Under Kirill Petrenko’s direction, the whole ensemble achieves a remarkable clarity and balance, bringing out the oratorio’s dramatic qualities in a way that would lend itself beautifully to a fully staged concert performance.
The box also includes the Chamber Symphony No.1, which Schönberg described a ‘turning point’ in his artistic development. Here, he pushes the boundaries, while still holding on to the lifeline of tonality. The work is laced with shreds of romanticism in the spirit of Brahms, Mahler and Richard Strauss, yet its restless bustle – driven by superimposed fourths and whole-tone scales – ensures that you’re never entirely at ease. With the Berlin Philharmonic’s 15 virtuosic soloists at the helm, the piece keeps you on the edge of your seat for its full 20 -minute span.
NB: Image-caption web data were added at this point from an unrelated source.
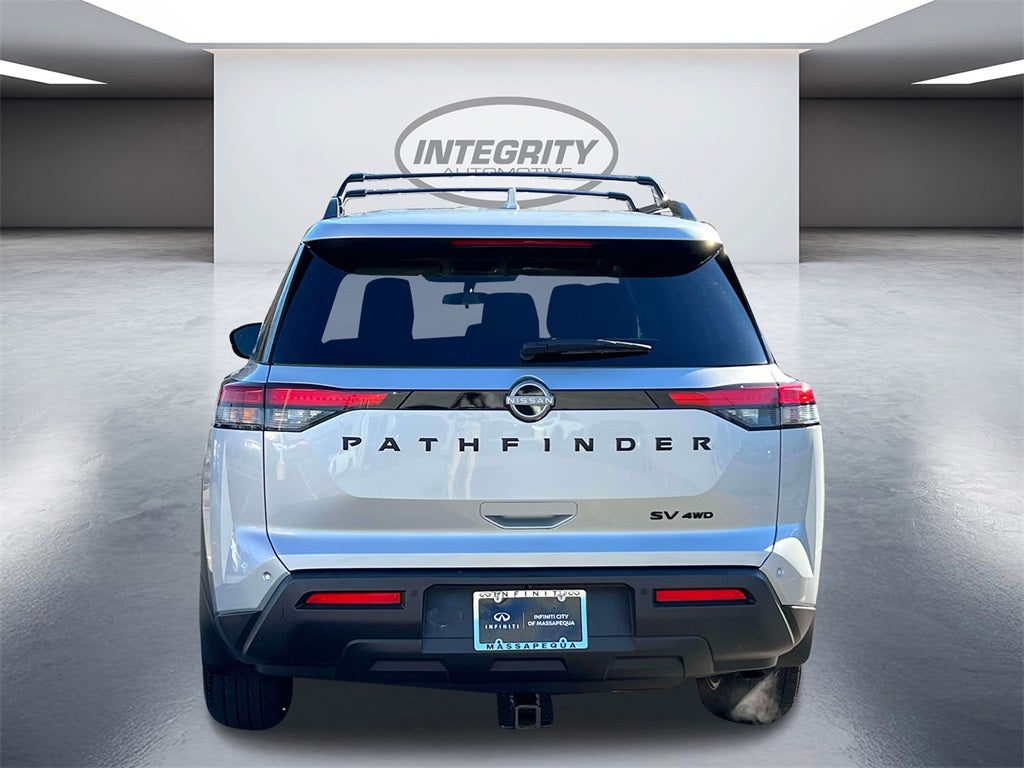 2023 Nissan Pathfinder SV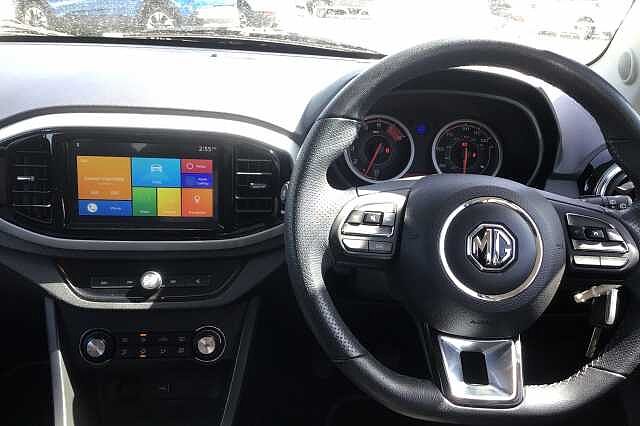 MG 3 EXCLUSIVE NAV VTI-TECH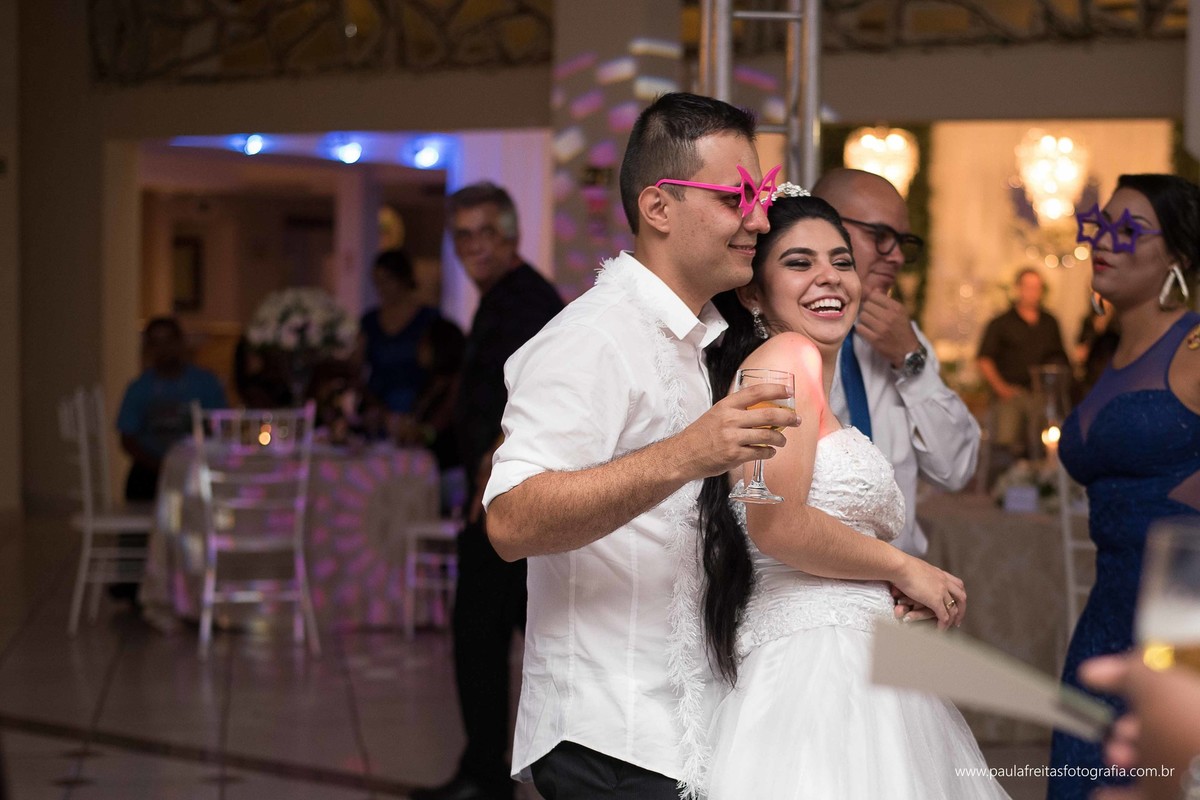 casamento-em-matriz-catedral-de-santo-antonio-de-guaratingueta-fotografado-por-paula-freitas-fotografia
Variations for Orchestra op. 31 is the only work by Schönberg to have been premiered (in 1928) by the Berlin Philharmonic. It is also the first orchestral work to employ the twelve-tone row in all its myriad transformations. The Arnold Schönberg Center in Vienna explains: ¨To shape the theme of the variation Schönberg uses four forms of rows which are related via hexachordal inversional combinatoriality.¨ I’m not quite sure what that means, but it’s clearly fiendishly complicated, and quite honestly, beyond me. Leonard Bernstein hailed Variations as a masterpiece, and if he says so, it must be true. But I can hear the Berlin Philharmonic, under their outstanding conductor, is tackling this ‘further maths’ of music with gusto, and quite possibly as well, if not better than, any orchestra in the world. I’ll leave it to you to be the judge.
This box set set with aforementioned works by Schönberg, or if you prefer Schoenberg, is out now (September 2025). The blu-ray disc contains visual recordings of all the works contained on the CDs – very useful indeed, particularly for comprehending what’s going on in Die Jakobsleiter.